I primi dieci prodotti importati dall'Italia sono in ordine: caffè, olio extravergine d'oliva, mais, bovini vivi, prosciutti e spalle di suini, frumento tenero e duro, fave di soia, olio di palma e panelli di estrazione dell'olio di soia. Il grado di autosufficienza dell'Italia per questi prodotti varia dallo 0% nel caso del caffè e dell'olio di palma a oltre il 60% nel caso dei prosciutti, ma sono mais e soia, ingredienti di base dell'alimentazione zootecnica, i prodotti che, secondo l'analisi di Ismea, presentano le maggiori criticità in termini di approvvigionamento.

 

Per entrambi le importazioni negli ultimi venti anni sono considerevolmente aumentate, comportando una drastica riduzione del tasso di approvvigionamento (al 46% per il mais e al 32% per la soia nel 2023). Quanto ai Paesi d'origine, per la soia si evidenzia una forte concentrazione delle forniture dal Brasile (50%), mentre nel caso del mais, pur in presenza di un livello di concentrazione minore, prevalgono gli arrivi dall'Ucraina, un Paese chiaramente a rischio elevato.

 

Il tasso di approvvigionamento italiano è basso anche per i frumenti, con l'industria pastaria che dipende per il 44% dalle forniture provenienti da Canada, Russia, Grecia e Turchia e quella dei prodotti da forno che per il 64% del suo fabbisogno ricorre al prodotto di origine ungherese, francese, austriaco, ucraino e romeno.

 

Anche per la carne bovina il tasso di approvvigionamento è sceso a livelli molto bassi nel 2023 (40%), con la Francia che concentra l'85% del valore dell'import di bovini da ristallo.
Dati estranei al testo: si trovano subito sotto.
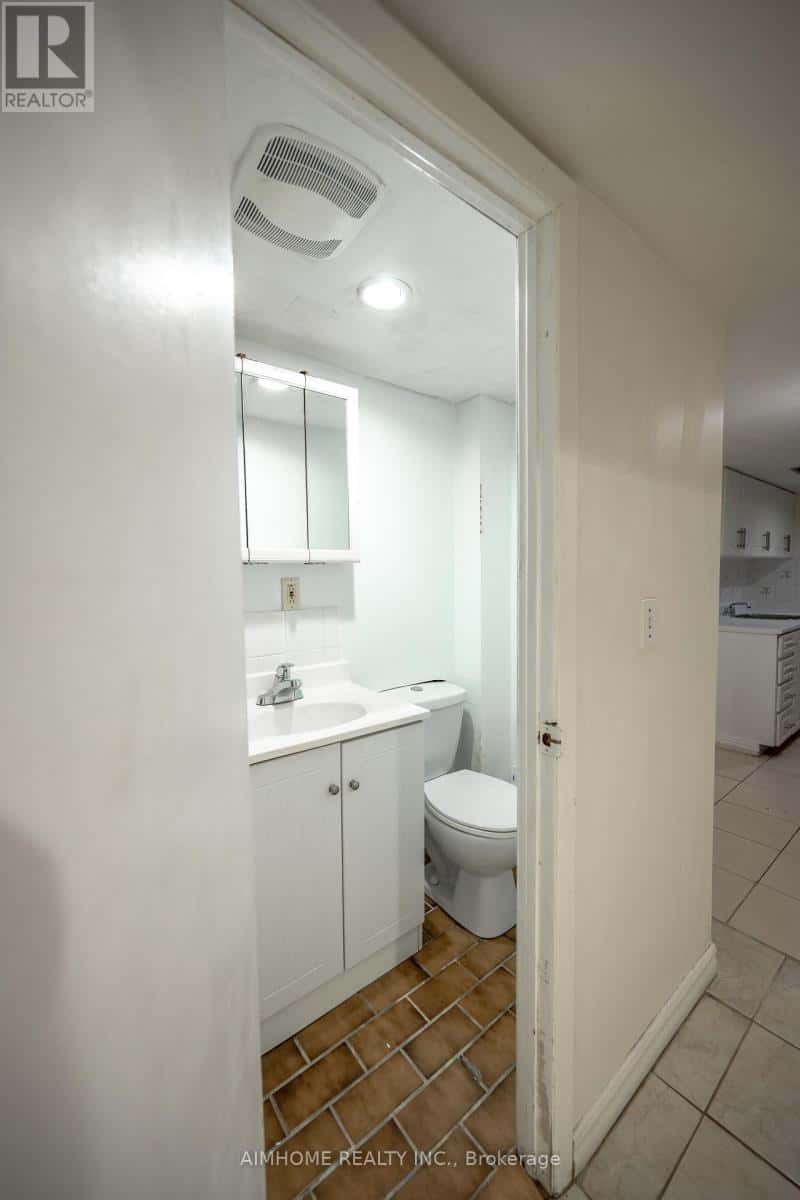 266 COLERIDGE AVENUE — Toronto (Woodbine-Lumsden), Ontario - Photo 3 of 31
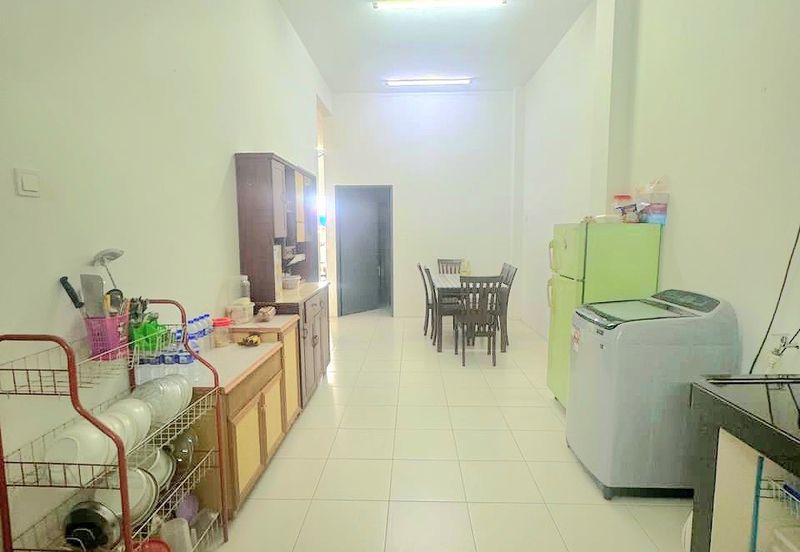 DESA LAHAT SRI -WANG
La prevalenza di un solo fornitore, trattandosi della Francia, è rassicurante sul fronte geopolitico ma rende comunque vulnerabile la filiera nazionale ad altri fattori, come testimoniano le recenti difficoltà dovute alle restrizioni sanitarie associate alla diffusione negli allevamenti francesi di epizoozie e alla più recente emergenza blue tongue.

 

Infine, per l'olio extravergine di oliva, di cui l'Italia è il secondo maggiore esportatore mondiale e il primo consumatore, le forniture provenienti dagli altri Paesi del bacino Mediterraneo, in primis la Spagna, sfiorano il 50% del nostro fabbisogno, legando a doppio filo le sorti del prodotto nazionale a quello estero, soprattutto in termini di variabilità dei prezzi.